MasterCard is placing more emphasis on things like airline boarding, wearable computing and many other things the card network contends can be used to win a consumer's business long before the payment is made.

"We are investing in getting beyond payments to other services," said Ajay Banga, MasterCard's CEO, during an investor conference in New York on Sept. 11. "The key is having the data and the technology."

MasterCard's MasterPass, a digital wallet that supports mobile and e-commerce payments without the consumer needing to type in card credentials for subsequent purchases, is live in the U.S., U.K. Canada and Australia. MasterCard plans to introduce MasterPass next in Brazil, Belgium, France, Italy, Singapore, Sweden and Spain.

There are 20,000 merchants in the U.S. that accept MasterPass, MasterCard said at the investor event.

"MasterPass is digital MasterCard, it will provide a global interoperable platform supporting all types of digital transactions…in-store, in app or online," said Ed McLaughlin, MasterCard's chief emerging payments officer.

MasterCard Labs also demonstrated how wearable computing devices can be used for digital shopping. Google Glass had a limited launch this summer, and many payment companies are testing the technology.

"MasterCard Labs has enabled Google Glass for MasterPass payments," McLaughlin said. "The shopping experience is a major driver of the world beyond cash."

MasterPass is based on MasterCard's PayPass Wallet an earlier mobile wallet that borrowed branding form MasterCard's PayPass contactless payment system.

At the point of sale, PayPass is also expanding, with penetration beyond 20 percent in Canada, Australia and Poland and an average transaction size of about $21.

"That's cash displacement," said Gary Flood, MasterCard's president of global products and solutions.

While payments data presents a major opportunity to expand merchant and customer relationships—PayPal used the same message at a recent investor event —there are a lot of players that also have payments data, says Rick Oglesby, a senior analyst at Aite Group.

“It will be a difficult road ahead for MasterCard as well as for all others competing for a piece of the mobile commerce action. They are right to be trying lots of different options as there is no telling what types of solutions will achieve widespread consumer adoption when it comes to digital wallets,” he says.

MasterCard demonstrated many of the existing products that use its technology to combine mobile devices, digital shopping and payments. 

ShopThis! with MasterPass is a product built on a partnership between MasterCard, Intel, and PhiSix Fashion Labs. It allows consumers to buy products directly from Intel's virtual shopping site. which includes an interactive 3D virtual fitting room.

Its QkR app, pronounced "quicker," is being piloted by Legends Hospitality—a stadium concession company whose owners include the New York Yankees and Dallas Cowboys—to enable fans to order and pay for food from their seat. QkR also includes an app for school payments.

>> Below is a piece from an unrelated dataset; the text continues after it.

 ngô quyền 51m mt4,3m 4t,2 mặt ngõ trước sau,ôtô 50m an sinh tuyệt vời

Other MasterCard-supported products include Parkeon, an app that provides local coupons each time a consumer uses MasterCard to pay for parking; Quantas Cash, a loyalty and boarding card from Quantas Airlines that permits users to pre-load foreign currency to spend at MasterCard merchants; Fuel Rewards Network, a partnership between MasterCard, gas stations and merchants to provide discount fuel purchases at participating grocery stores; Digital Food, a partnership with the World Food Program that enables electronic commerce in cash-dominant regions; and Simplify Commerce, a program that empowers merchants to accept Web and mobile payments regardless of the payments brand.

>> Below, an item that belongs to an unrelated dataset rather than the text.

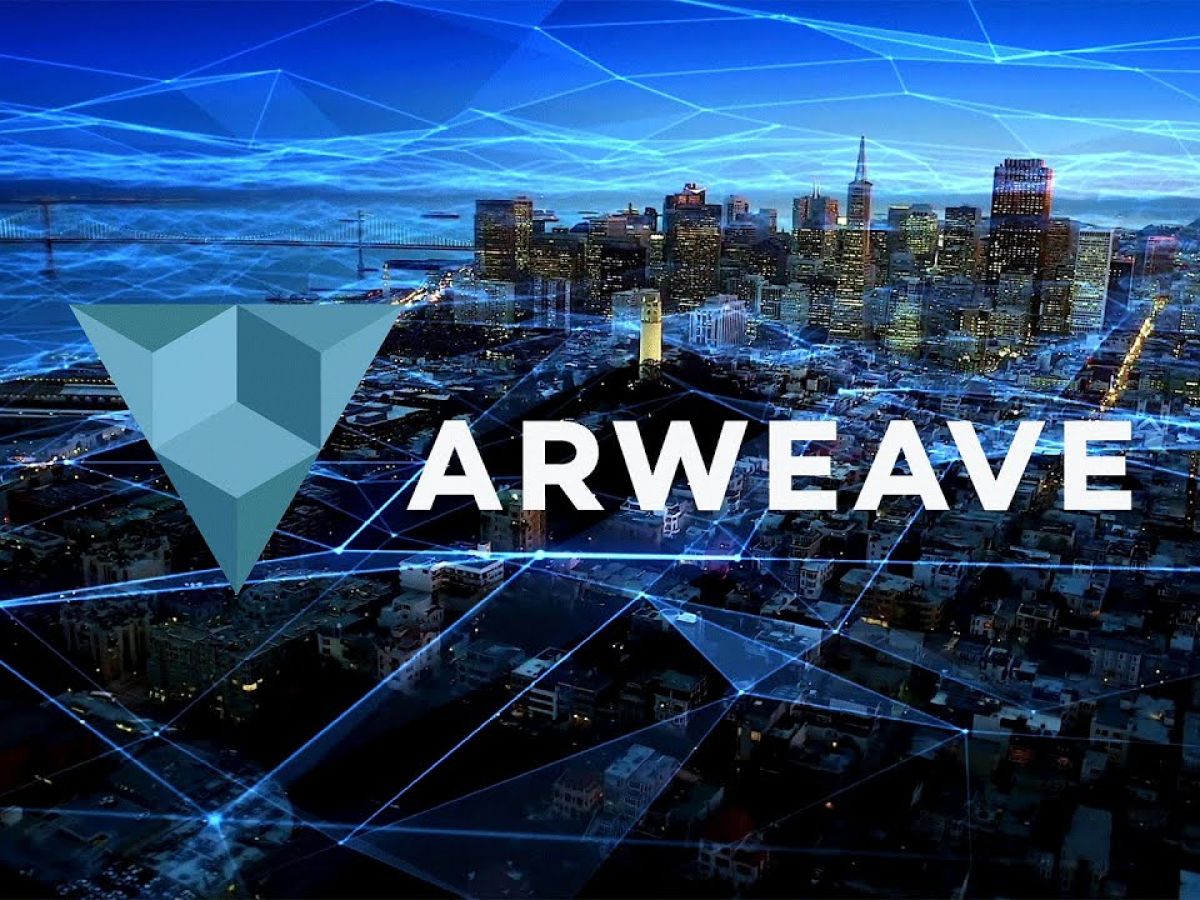 Arweave (AR) coin nedir? Ne işe yarar? Neden yükseliyor?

"About half of consumers already have a quick-order app on their smartphone," says Richard Crone, a payments consultant. "MasterCard knows that in order to not be a dumb pipe they have to vertically integrate."

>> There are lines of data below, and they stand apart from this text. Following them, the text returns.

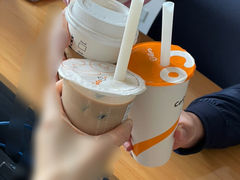 -CoCo都可(北新桥店)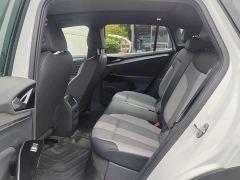 Toyota ID.4 CROZZ Pure Enjoyment Limited Edition - photo 8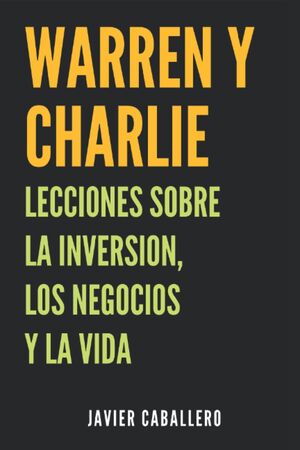 Warren y Charlie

In a similar example, "PayPal recently integrated check in with check out. That lets the merchant know where consumers are and that they are ready to buy," Crone says. 

MasterCard's partnerships improve its ability to gather and analyze the data that's used for CRM, and can expand MasterCard's own share of its merchants' business, Flood said.

"The data and information behind it is a core foundation to what we do with clients," Flood said. "Merchants want the value of reaching the right customer at the right time and they are willing to pay for it."